Strengths of the batch method are:\
- The parameters are consistent with all data - Straightforward to estimate parameters, uncertainty parameters, and latent states
Weaknesses:\
- Can be computationally slow\
- Require re-fitting model if there is even a single new data point
Alternatively, **sequential** methods only analyze data one time point as a time. Here is general code for a sequential method - notice that the for-loop order is reversed
```
Calculate prior distribution of parameters
for(t in 1:length_of_time_series){
for(i in 1:num_of_particles){
Make predictions for each particle based on previous value for particle
}
Compare particle to data (likelihood or other technique)
Weight particles based on the comparsion to the data
Adjust particles based on weights
}
```
In the sequential method we can restart at any time point, as long as we have the values for the states and parameters that are associated with each particle. When doing an iterative forecast, these values are what you would save to wait for new data to arrive.
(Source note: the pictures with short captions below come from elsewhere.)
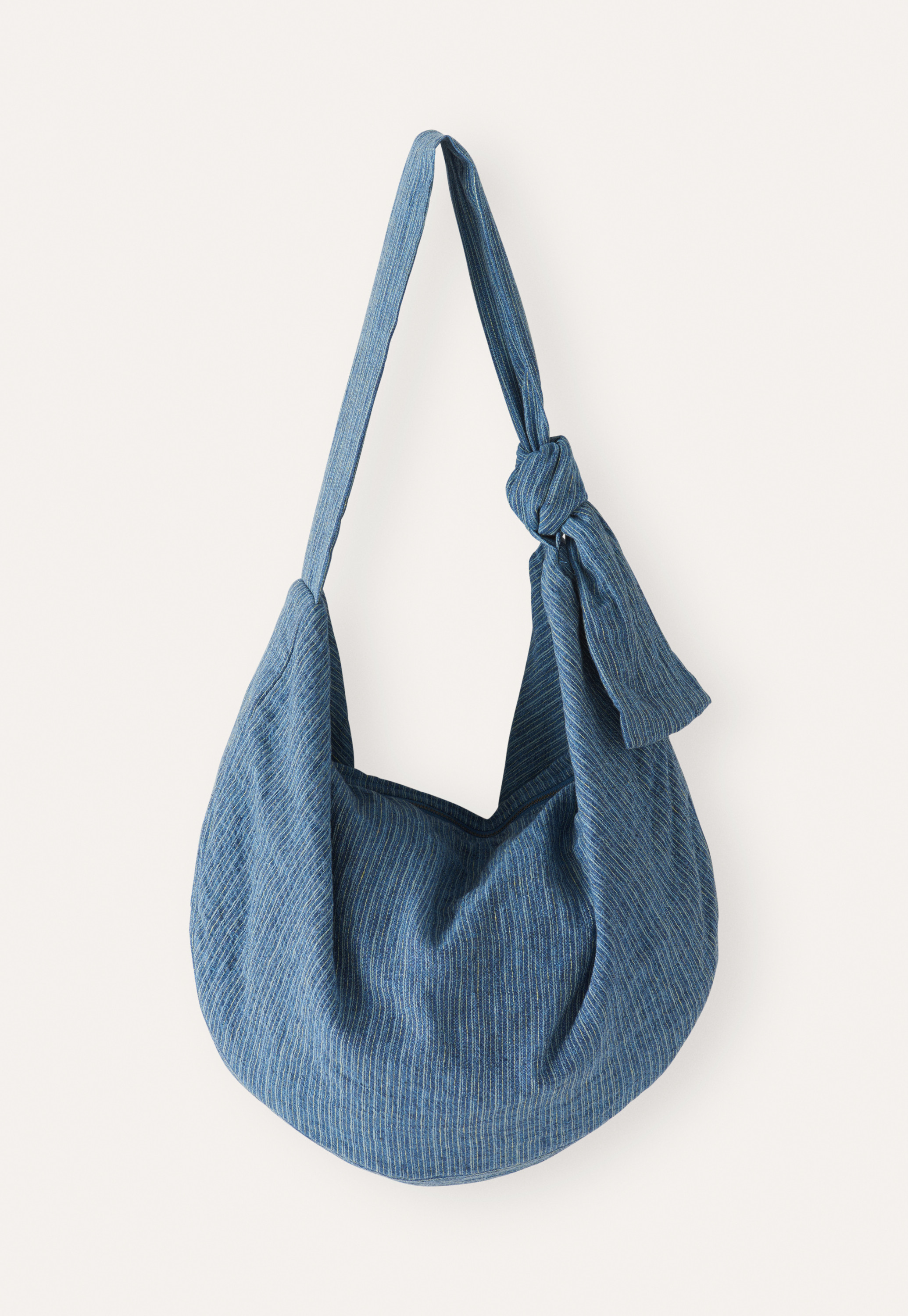 POETRY - Knotted bag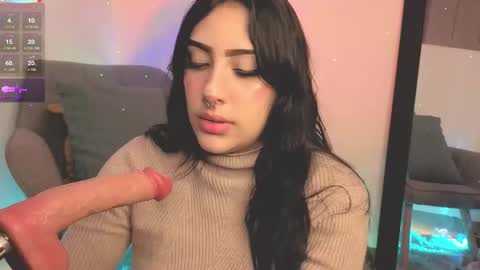 Snapshot of ashlynnlowe_ chatting on 16, 10, 2025 Ash  online show from 16, 10, 2025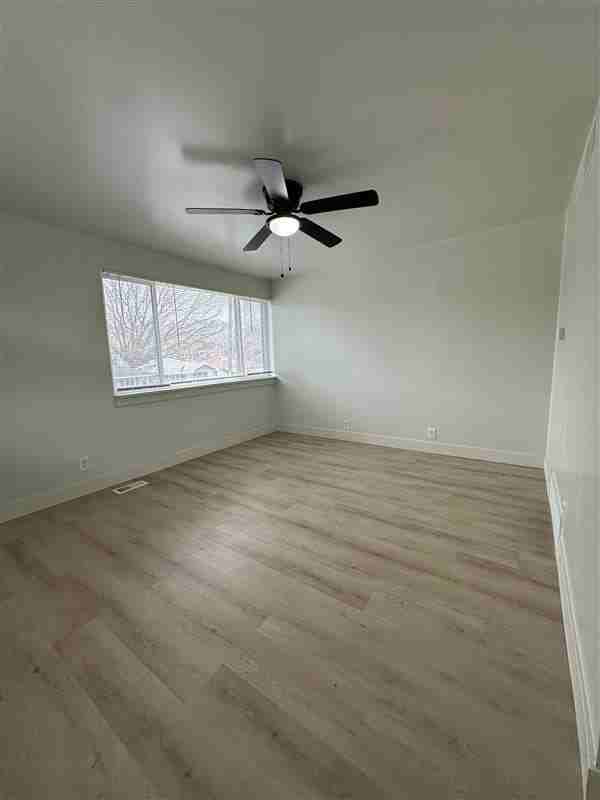 1340 S St #9 - Photo 2 of 19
## Introduction to Particle Filter
There are many sequential data assimilation methods that make different assumptions about data and model distributions in order to simplify the analysis. Many of the methods emerged before the our massive computational resources or were developed for **HUGE** problems like assimilating terabytes of data into a global weather model that simulates the physics of the atmosphere at 25 km vertical resolution. Examples include the Kalman Filter, Extended Kalman Filter, Ensemble Kalman Filter, and 4D-var. These methods all heavily use matrix algebra which I have not introduced in this class. Since these methods commonly assume that the data and model errors are normally distributed, the numerical version (Ensemble Kalman Filter) can run fewer particles (in this case: ensemble members) because it doesn't take as many samples to estimate the mean and variance of a distribution than it does to estimate the full distribution
Here I introduce the particle filter. The particle filter is a sequential method that will be more familiar to those that have learned the Bayesian methods that we have covered in the earlier chapters (@sec-bayes). It has the concept of a likelihood, of which you are well versed (@sec-likelihood). The particle filter does not assume a specific distribution of the data and model error so it requires more particles to estimate the full distributions. As a result, it is more appropriate for "smaller" problems like the ones we are tackling in this book
The particle filter is quite simple
1. Initialize a set of particles: Set the initial distribution of the states for each particle and, if estimating parameters, initial distribution of parameters that you want to estimate. Think of this as your initial priors.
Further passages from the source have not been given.